Pursuant to the requirements of the Securities Act of 1933, the Registrant certifies that it has reasonable grounds to believe that it meets all of the requirements for filing on Form S-3 and has duly caused this Registration Statement to be signed on its behalf by the undersigned, thereunto duly authorized, in the City of Reno, Nevada, on this 21 day of March, 2000.

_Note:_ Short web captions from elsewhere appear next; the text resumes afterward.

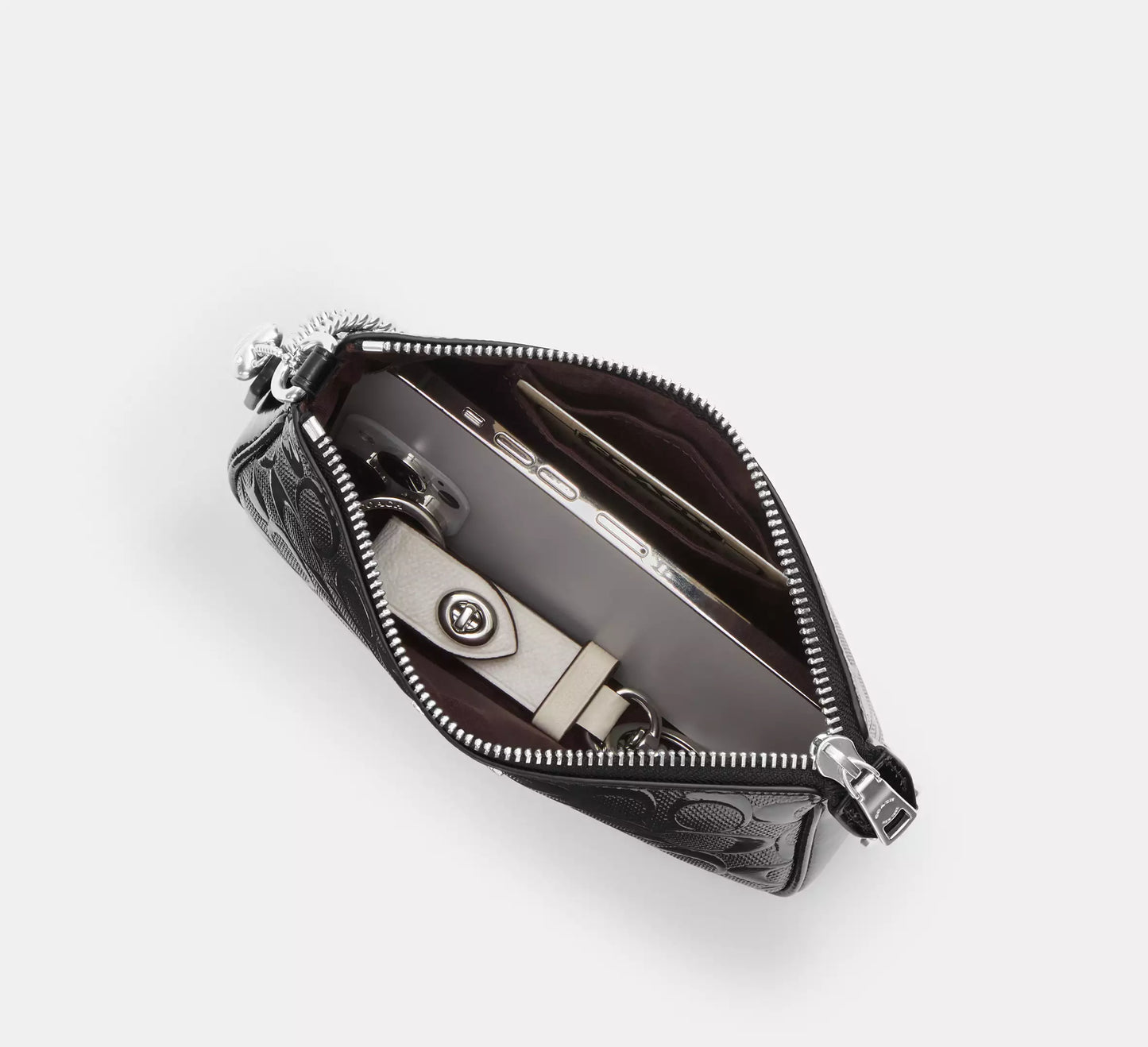 Nolita 19 In Signature Leather With Heart Charm Black Coach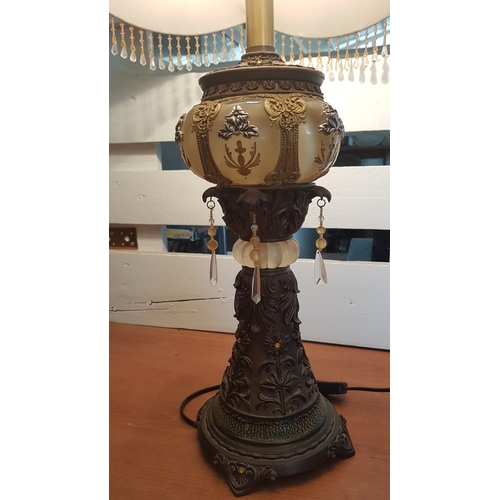 156 - Mid Century ,High Ornate Table Lamp, Decorative Base ( Probably Resin),Beautifull Lampe Shade Finish... 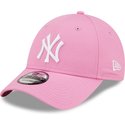new-era-curved-brim-white-logo-9forty-league-essential-new-york-yankees-mlb-pink-adjustable-cap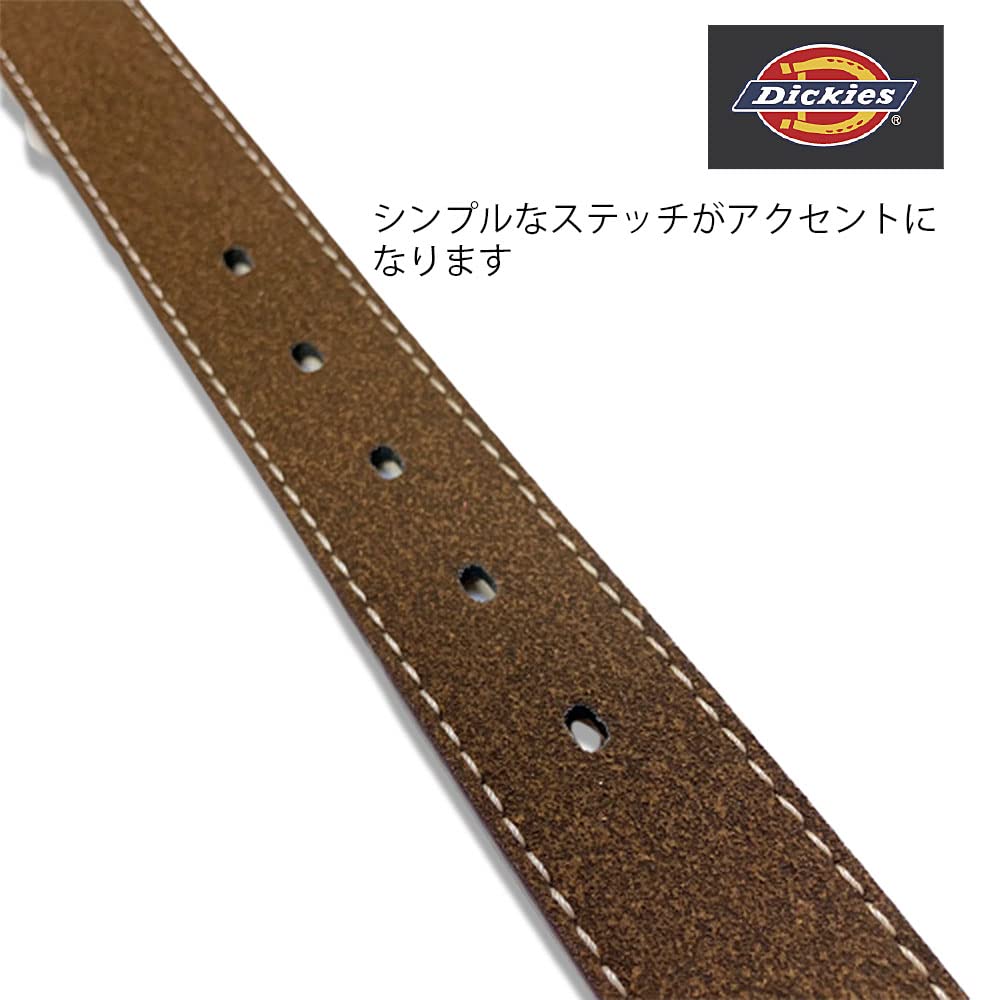 belt Belt width length Authentic DS0360C [Dickies] Suede-like single-stitch (adjustable length/simple) (unisex/belt 35mm/total 115cm) (dark brown)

/s/ Michael R. Fitzsimonds

---------------------------------------------

Michael R. Fitzsimonds, Chief Executive Officer & Director

/s/ Steven Craig

---------------------------------------------

Steven Craig, Secretary

Pursuant to the requirements of the Securities Act of 1933, this Registration Statement has been signed by the following persons in the capacities and on the date indicated. Each Officer and Director may execute a separate signature page and when all of the separate pages are put together, they shall be construed as one signature page as if all of the Officers and Directors had signed on one page.

Dated: March 21, 2000

/s/ Michael R. Fitzsimonds

- ------------------------------------------

Michael R. Fitzsimonds, Director

/s/ Steven Craig

---------------------------------------------

Steven Craig, Director

/s/ Allan J. Marter

- ------------------------------------------

Allan J. Marter, Director

/s/ David A. Caldwell

- ------------------------------------------

David A. Caldwell, Director

NO SEAL:

 


PROSPECTUS

568,000 Shares

GOLDEN PHOENIX MINERALS, INC.

The 568,000 shares of Golden Phoenix Minerals, Inc., a Minnesota corporation (Golden or the Company) may be offered for sale from time to time by and for the account of certain stockholders of the Company (the Selling Shareholders). The Selling Shareholders acquired the shares in exchange for mining property. The Company will not receive any of the proceeds from the sale of the shares by the Selling Shareholders.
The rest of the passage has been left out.